[THE INPUT]
--------------------
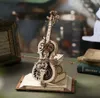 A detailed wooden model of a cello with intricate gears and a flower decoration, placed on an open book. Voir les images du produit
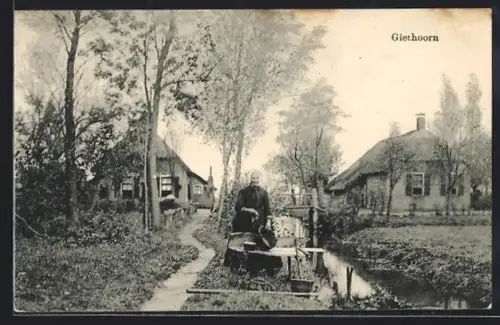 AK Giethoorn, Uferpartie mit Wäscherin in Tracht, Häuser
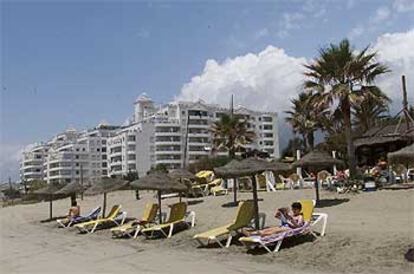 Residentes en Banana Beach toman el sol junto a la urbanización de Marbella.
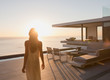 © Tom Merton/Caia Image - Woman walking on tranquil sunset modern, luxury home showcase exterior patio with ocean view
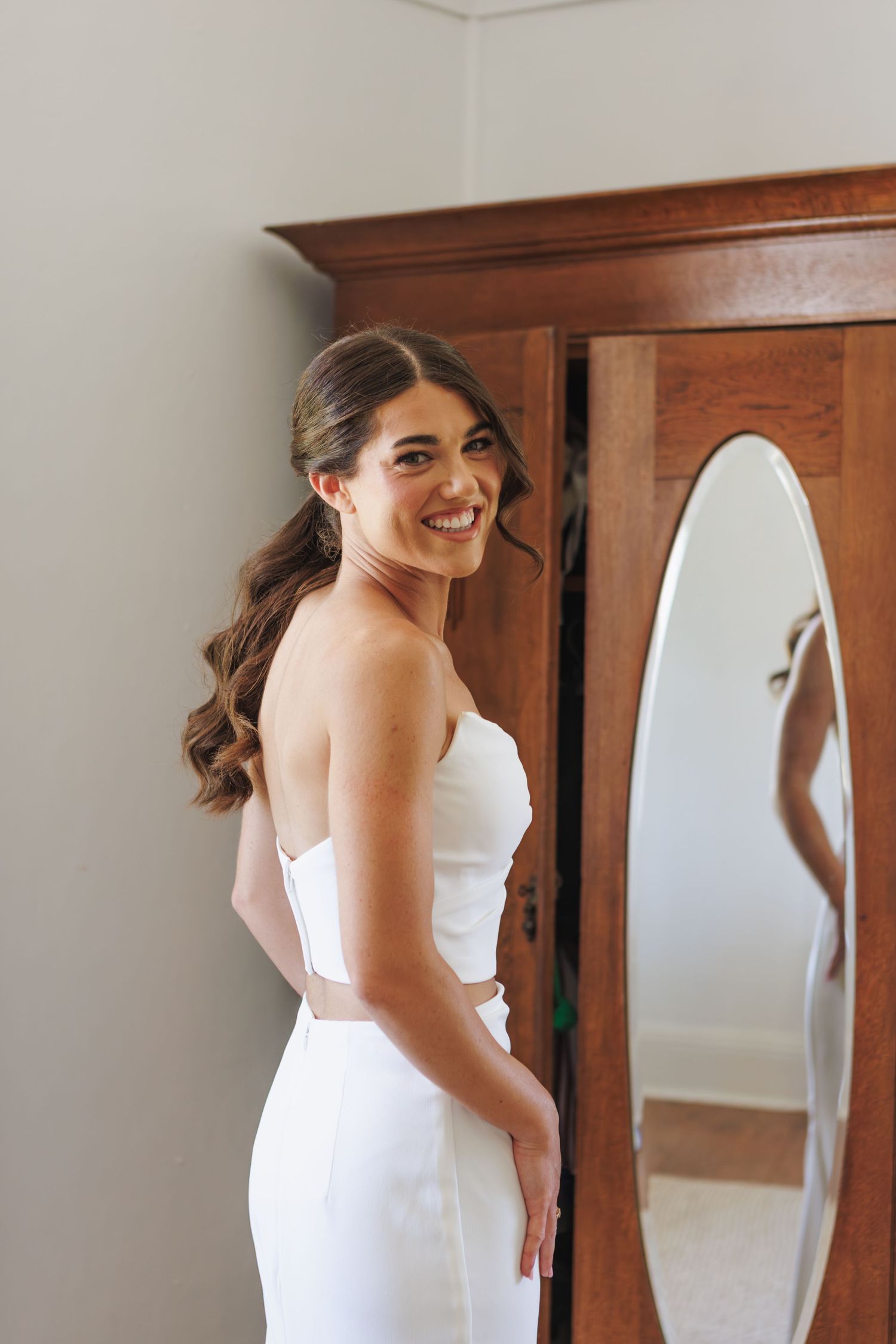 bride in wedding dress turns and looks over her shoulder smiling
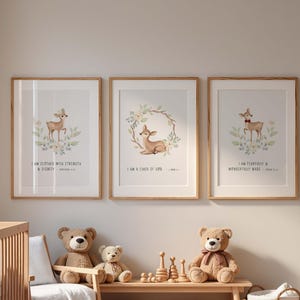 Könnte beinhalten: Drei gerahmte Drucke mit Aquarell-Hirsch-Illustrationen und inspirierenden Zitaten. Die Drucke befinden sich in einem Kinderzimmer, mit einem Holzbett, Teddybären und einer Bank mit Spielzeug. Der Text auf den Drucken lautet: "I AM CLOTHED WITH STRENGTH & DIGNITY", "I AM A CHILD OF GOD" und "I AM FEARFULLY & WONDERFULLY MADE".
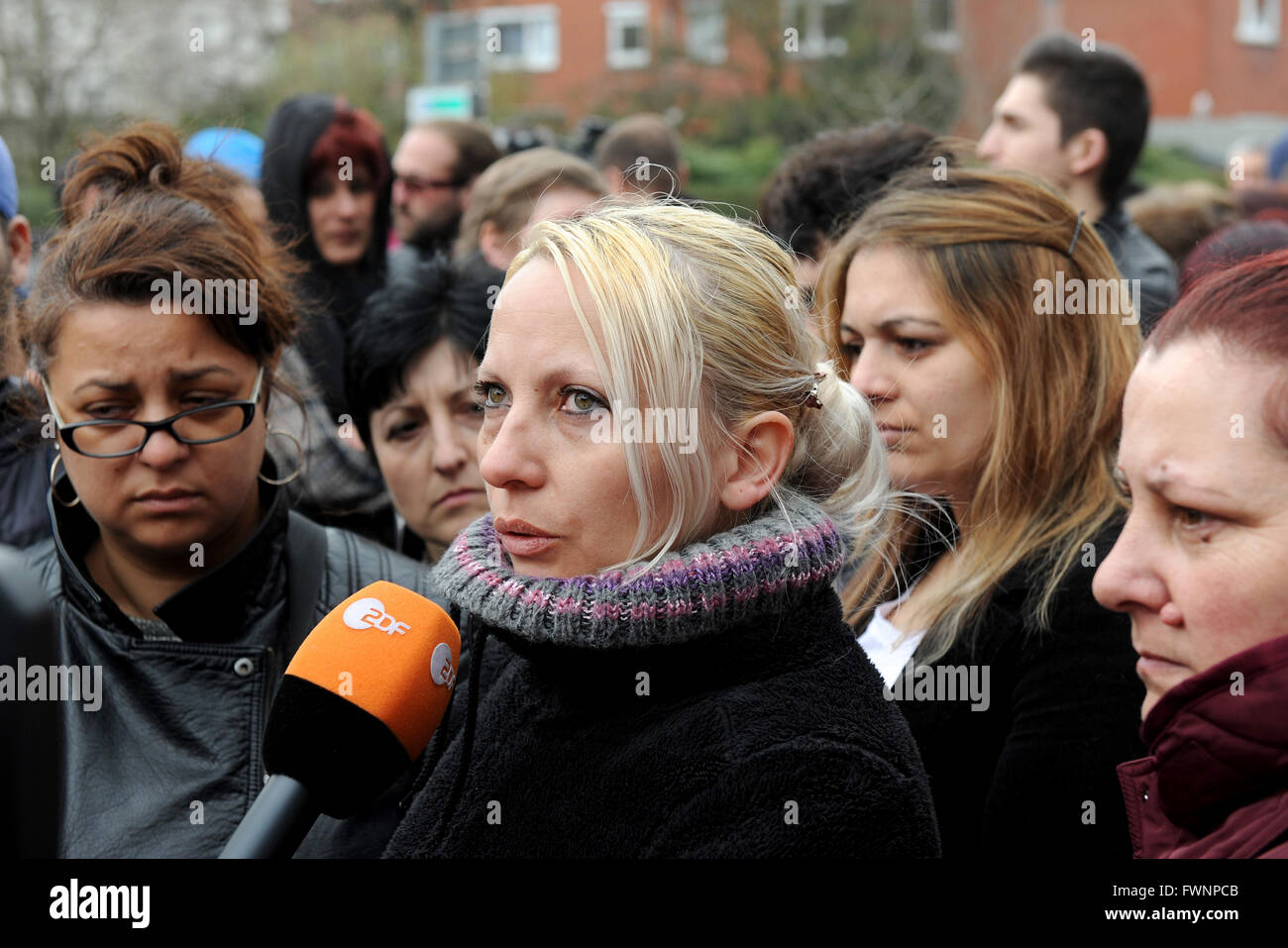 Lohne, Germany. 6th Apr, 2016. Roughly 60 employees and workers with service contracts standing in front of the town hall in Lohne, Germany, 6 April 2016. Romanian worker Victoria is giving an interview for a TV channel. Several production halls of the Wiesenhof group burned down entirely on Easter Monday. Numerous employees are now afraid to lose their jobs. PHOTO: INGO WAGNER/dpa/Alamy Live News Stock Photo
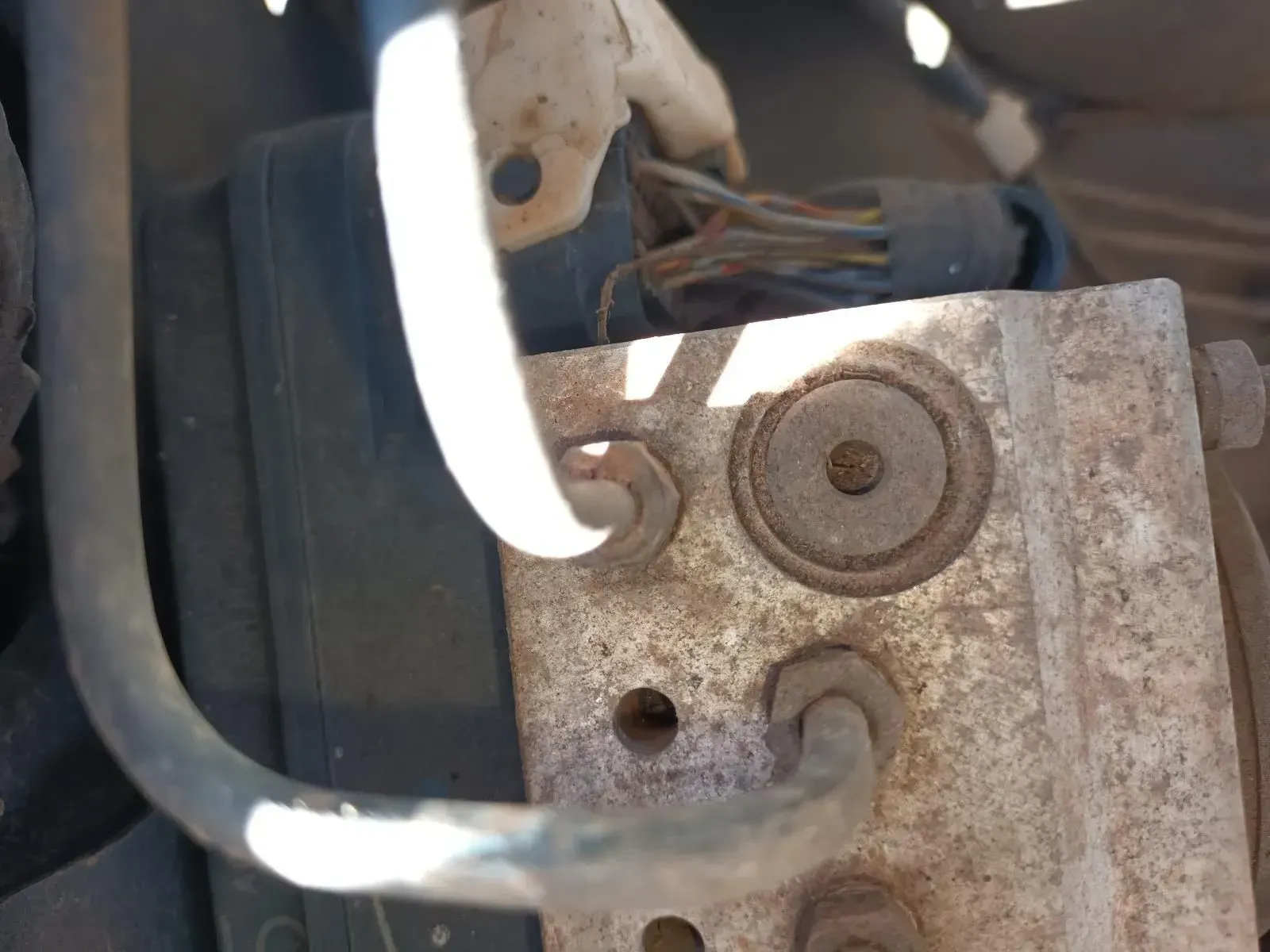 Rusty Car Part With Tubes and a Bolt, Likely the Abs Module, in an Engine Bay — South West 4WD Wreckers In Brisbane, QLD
--------------------
[WHAT YOU NEED TO DO] Only the lines from the one containing "Lohne, Germany. 6th" through the final line of the material should appear in the answer, copied exactly and without any picture.

[EXPECTED OUTPUT]
 Lohne, Germany. 6th Apr, 2016. Roughly 60 employees and workers with service contracts standing in front of the town hall in Lohne, Germany, 6 April 2016. Romanian worker Victoria is giving an interview for a TV channel. Several production halls of the Wiesenhof group burned down entirely on Easter Monday. Numerous employees are now afraid to lose their jobs. PHOTO: INGO WAGNER/dpa/Alamy Live News Stock Photo
 Rusty Car Part With Tubes and a Bolt, Likely the Abs Module, in an Engine Bay — South West 4WD Wreckers In Brisbane, QLD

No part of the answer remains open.